Kimsenin ölmediği, canının yanmadığı, ağlamadığı, acıklı olmayan bir kaçış hikâyesi yoktur. Zelal ile Mahmut'un hikâyeleri de benzer biçimde gelişir. Zelal tarlada çalışırken, silahlı bir grubun toplu tecavüzüne uğramıştır. Bu tecavüz sonucu hamile kalmış, durum ortaya çıkınca töre cinayetine kurban gitmemek için evden kaçmıştır. Hem örgütten hem de devletten kaçan Mahmut'la bir mağarada karşılaşmış, birbirlerini sevmiş, bağlanmışlardır. O mağarada daha fazla barınamayacaklarını anlayınca büyük bir şehire gidip kalabalığın arasında kaybolmayı, peşlerindekilerden kurtulmaya karar verirler ve Ankara'ya indiklerinde Zelal serseri bir kurşunun kurbanı olur. Ömer Eren'in yardımıyla umutlansalar da önce Zelal'in itirafçı ağabeyi Mesut, sonra da örgütten olduğunu söyleyen birileri onları bulacaktır. Ağabey Mesut, öldürmek için saldırır, yanlışlıkla Zelal yerine bir başka hastayı öldürür. Örgütten geldiğini söyleyen kişi ise, Mahmut'a canlarını bağışlamanın karşılığı olarak bir bombalama eylemini gerçekleştirmesini teklif eder.
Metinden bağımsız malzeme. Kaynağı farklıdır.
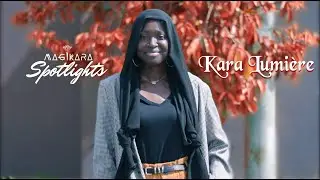 Magikara Spotlights | Ep.1 KARA LUMIERE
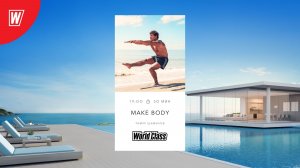 MAKE BODY с Тимуром Шамиловым | 30 Ноября 2025 | Онлайн-тренировки World Class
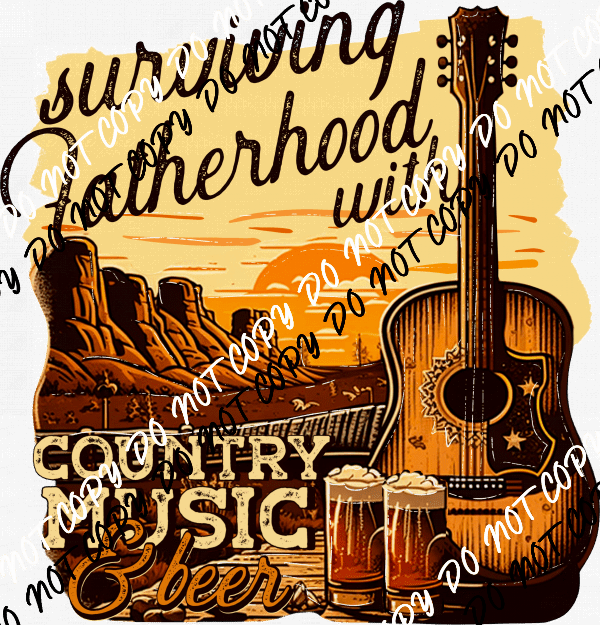 Surviving Fatherhood with Country Music & Beer DTF Transfer - We Print U Press DTF Transfers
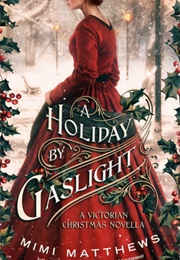 A Holiday by Gaslight (Mimi Mathews)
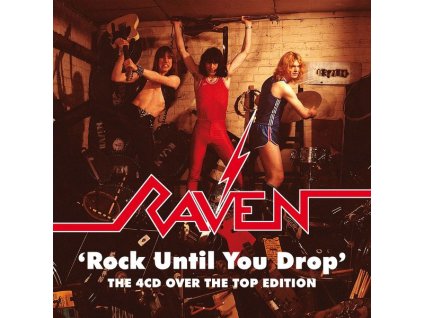 Raven - Rock Until You Drop: The Over The Top Edition (CD)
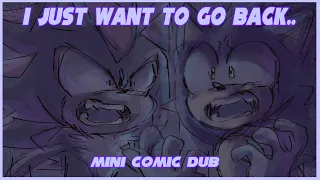 I Just Want To Go Back.. ::Mini Comic Dub::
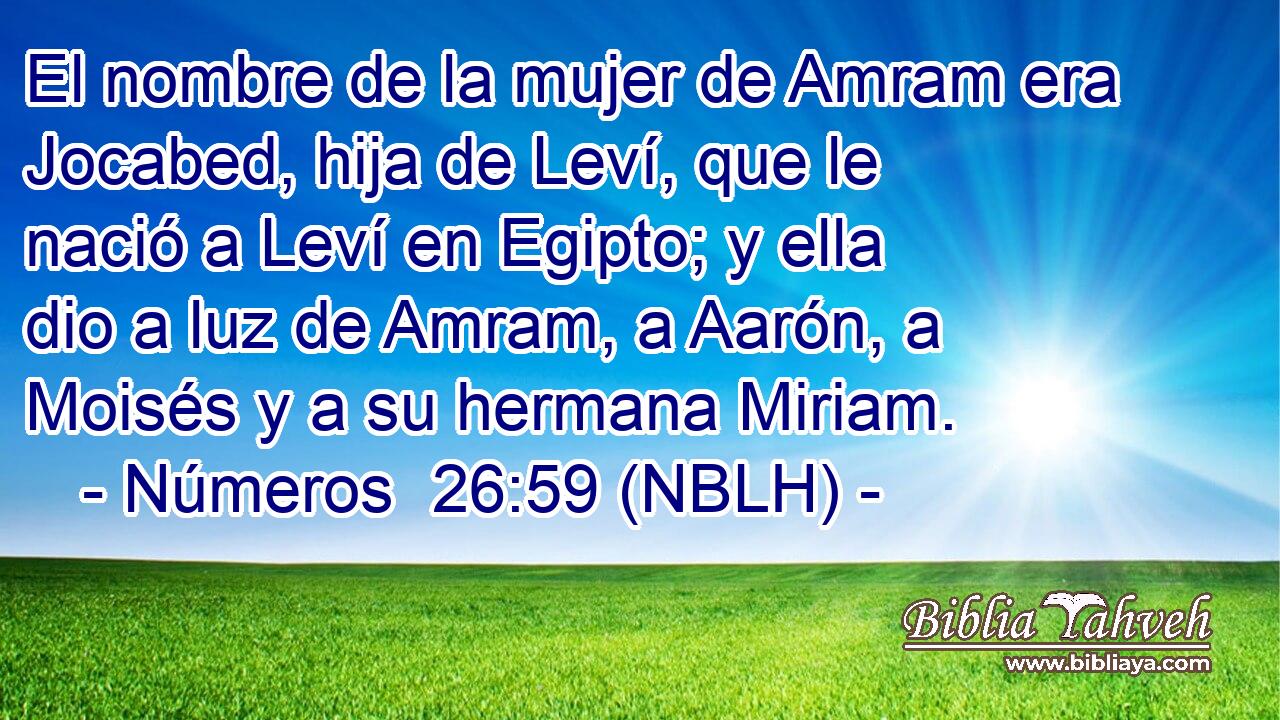  El nombre de la mujer de Amram era Jocabed, hija de Leví, que le nació a Leví en Egipto; y ella dio a luz de Amram, a Aarón, a Moisés y a su hermana Miriam. 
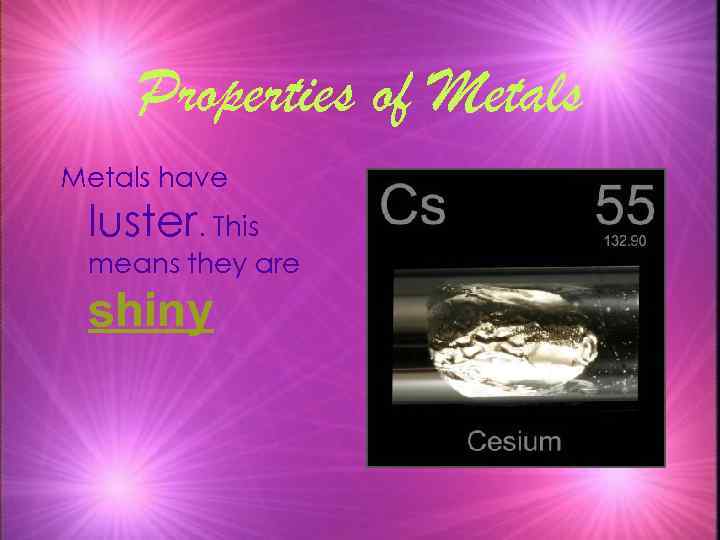 Properties of Metals have luster. This means they are shiny 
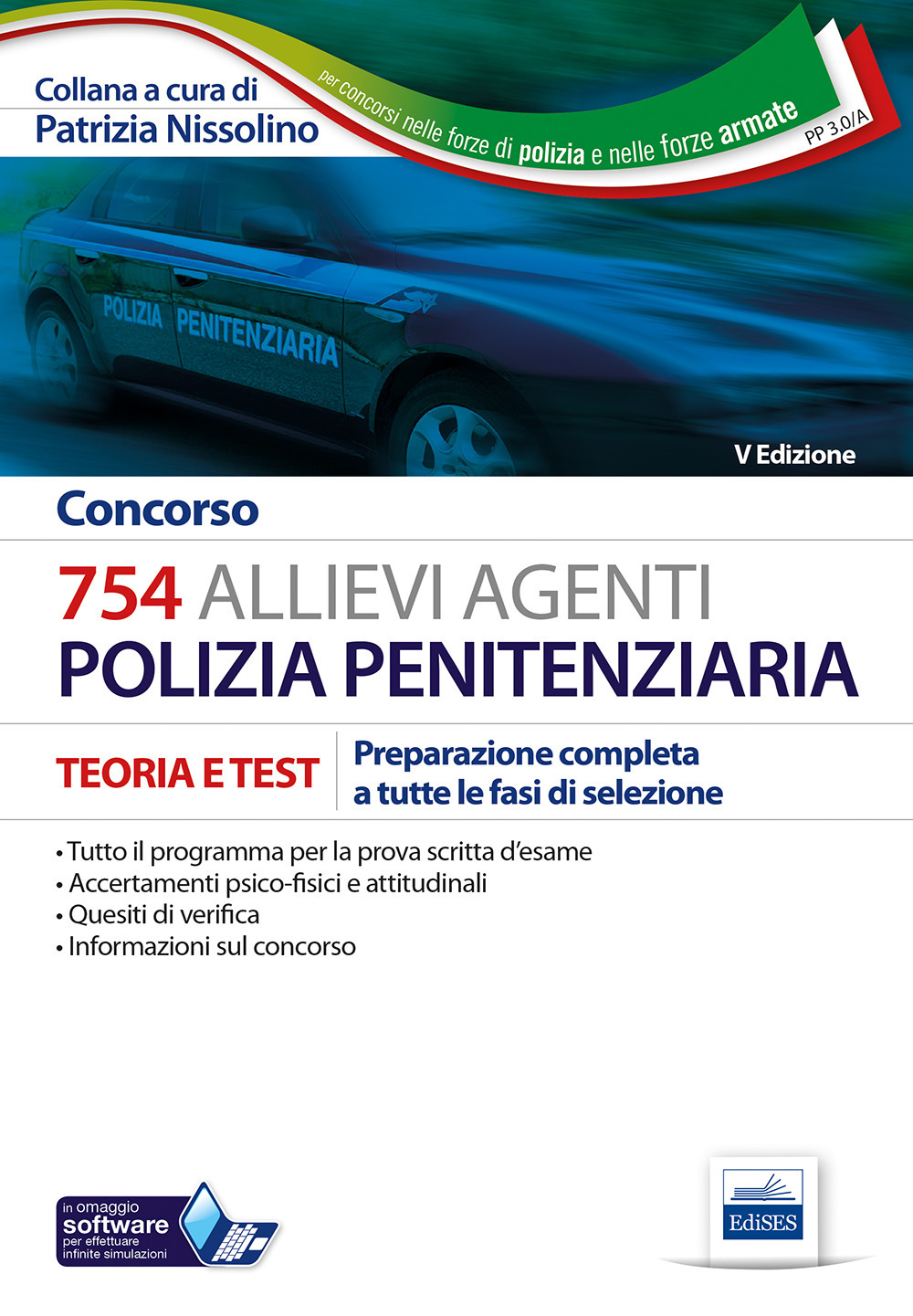 Concorso 754 allievi agenti polizia penitenziaria. Teoria e test. Preparazione completa a tutte le fasi di selezione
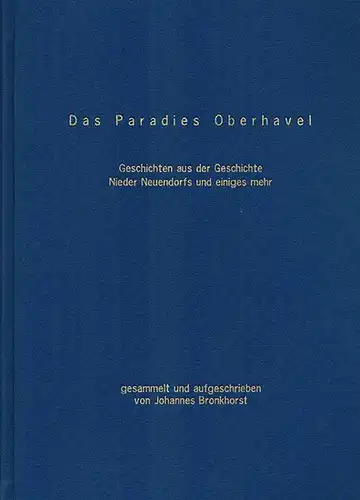 Bronkhorst, Johannes: Das Paradies Oberhavel. Geschichten und Geschichte Nieder Neuendorfs und einiges mehr. 4. Auflage (151-200)
 Ohne Ort, [Selbstverlag des Verfassers], August 2004. 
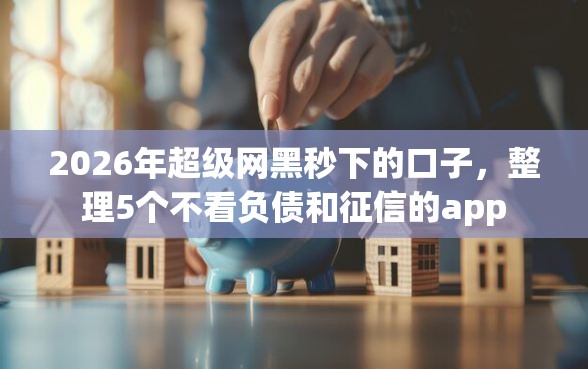 2026年超级网黑秒下的口子，整理5个不看负债和征信的app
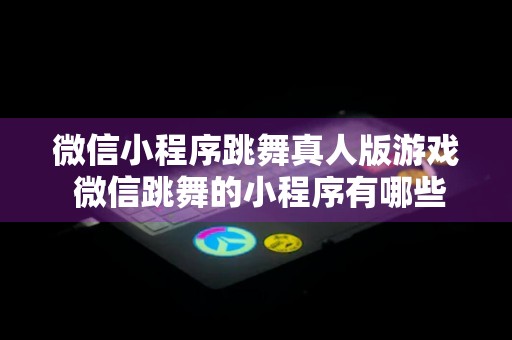 微信小程序跳舞真人版游戏 微信跳舞的小程序有哪些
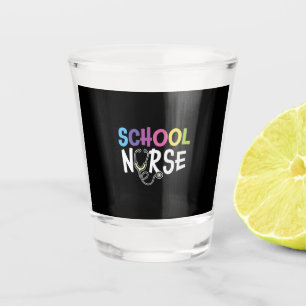 Nurse Gift School Nurse Shot Glass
Oya Baydar, sözünü yitirmemiş yazarlardan. Kayıp Söz'de ustaca kurduğu roman yapısı içinde Ömer'in, Elif'in ve bir kaç bölümde Deniz'in ve Mahmut'un bakış açılarından hayatımızı belirleyen şiddeti sorguluyor. Barışçı bakış açısıyla her tarafa eşit uzaklıkta ve adil olmaya çalışarak konuyu ele alıyor. Kürt sorunu ekseninde Türkiye'de şiddetin gelişimini gözler önüne seriyor. Roman kahramanları çeşitli vesilelerle ve sık sık konuyu tartışıyorlar. Oya Baydar, barışın her şeyin ilacı olduğunu söylemek istediği için yazmış sanki romanı. Birbirimizi anlamaya çalışmakla başlayacak her şey, diyor. Usta bir yazar olduğu için de sıkı bir olay örgüsü ile anlatmış. Okuru romana bağlayacak, meraklandıracak olaylarla (patlayan bombalar, saldırılar vb.) bezemiş. Sorun sözün uzamasında. Hemen her olayı defalarca tekrarlıyor. Mahmut'un, Zelal'in, Deniz'in yaşadıkları tekrar tekrar anlatılıyor. Sanki uzayan roman içerisinde okurun bu olayları unutmaması isteniyor. Yine tartışılan konular, sorunlar da çeşitli konumlarda tekrarlanıyor. Bir romancı için sözünü yitirmek nasıl bir sorunsa sözün büyüsüne kapılmak da sorundur. Kayıp Söz’de sözün büyüsüne kapılmak tehlikesi hissediliyor. Neyse ki Oya Baydar, yapıya, romanın akışına önem verdiği için ipin ucunu kaçırmıyor, sözün büyüsüne kapılıp anlattığı konuyu unutmuyor, söz ne kadar uzasa da gelip bir yere bağlanıyor.